Your Guide to Big Data Jargon

Jargon is the secret language that those who are “in the know” know; a specific terminology for a group, profession, event, or activity. Those who are not “in the know” have no clue, which can be a big problem – especially when  you are the one in charge. Few disciplines have as much jargon as technology. From consultants discussing synergy to vendors describing new offerings, “talking tech” can be like speaking another language. On area where the words are flying particularly fast is big data.  This is a brief primer on the key jargon terms.

Speaking Big Data

Big Data: Big data is information that helps organizations make decisions, and act in real-time to analyze information in order to understand their customers and markets. That data is increasing in volume, velocity and variety making it more difficult for organizations and existing products to handle. There is no specific measurement or threshold that qualifies data as big, so many experts indicate data becomes big when it can’t be easily managed by traditional data management tools. Big data is can provide new business  insights, but it can impact everything from data management tools to storage strategies.

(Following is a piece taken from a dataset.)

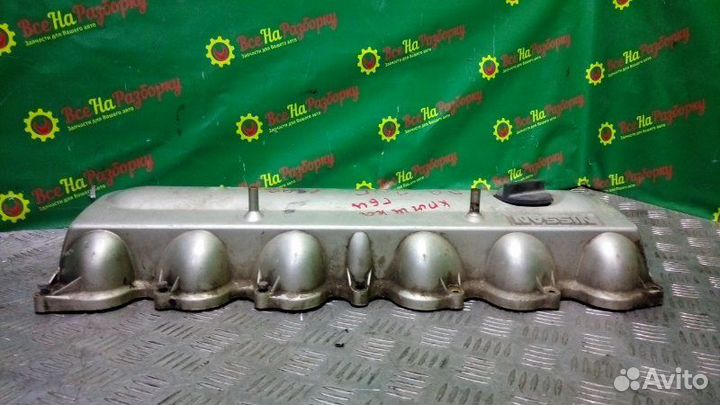 Крышка клапанов Nissan Cefiro А31 1.6 2002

Structured Data: According to PC Magazine, structured data is “data that resides in fixed fields within a record or file.  Relational databases and spreadsheets are examples of structured data,” but the data doesn’t have to be in a fixed location, such as XML files.  The data in those types of files are “tagged and can be accurately identified.” Traditionally, IT has focused on managing structured data, but with the rise of social media and other Web 2.0 technologies, unstructured data is becoming an important source for business insight.

Unstructured Data: Data that falls outside of the purview of an organization’s “traditional” databases.   Unstructured data includes images, videos, email, documents and text. Businesses are increasingly examining content like emails, social media activity and customer contents to uncover trends and consumer sentiments. ZDNet believes that “organizations that do get their arms around this data will gain significant competitive edge.” However, taking advantage of unstructured data can require new platforms and technology skills.

Big Data Analytics:  Big data analytics refers to the practice examining large volumes of diverse varieties of data to find patterns, unknown correlations or other useful information.  The enormous volumes and types of data (e.g. web or call logs) examined in big data analytics may not be addressed by conventional business intelligence initiatives and  can help businesses make better decisions. However, traditional tools are increasingly unable to handle the processing requirements for big data. These needs have spawned an entirely new generation of technology like NoSQL, Hadoop and MapReduce.

Cloud: The definition of “the Cloud” is ambiguous. It can range from the narrow (“an updated version of utility computing: basically virtual servers available over the Internet,”) to the extremely broad (“anything you consume outside the firewall is in ‘the cloud’”).  To those not in the IT field, the Cloud is that seemingly invisible location where you can store music, photos, videos, and files without taking up extra space on your hard drive. Cloud computing plays a large role in big data by providing a virtually infinite pool of resources to store and process data.

Big Data Apps: Also known as BDA’s, are responsible for taking all the information gathered by big data, and turning it into an easy to consume visualization.  This is a broad category that can include everything from end user analytics to new data management tools like Hadoop.

Data Cholesterol: A condition that affects computers similarly to humans—the “excessive buildup of data leads to sluggishness across your systems,” which can lead to a hindrance in the systems ability to function.

Data-mining:  The task of turning analyzed information into useful information that can then be used by an organization to cut costs, increase efficiency, and better serve customers. Data mining has grown in popularity as businesses realize that previously untapped data sources may hold secrets that provide a competitive edge.

ETL (extract, transform, load) Modeling ToolsETL modeling tools are programs that give users the ability to extract the information that they need from their data and outside sources, transform that information to fit the operational needs of the organization, and load that information into the end target (usually a database).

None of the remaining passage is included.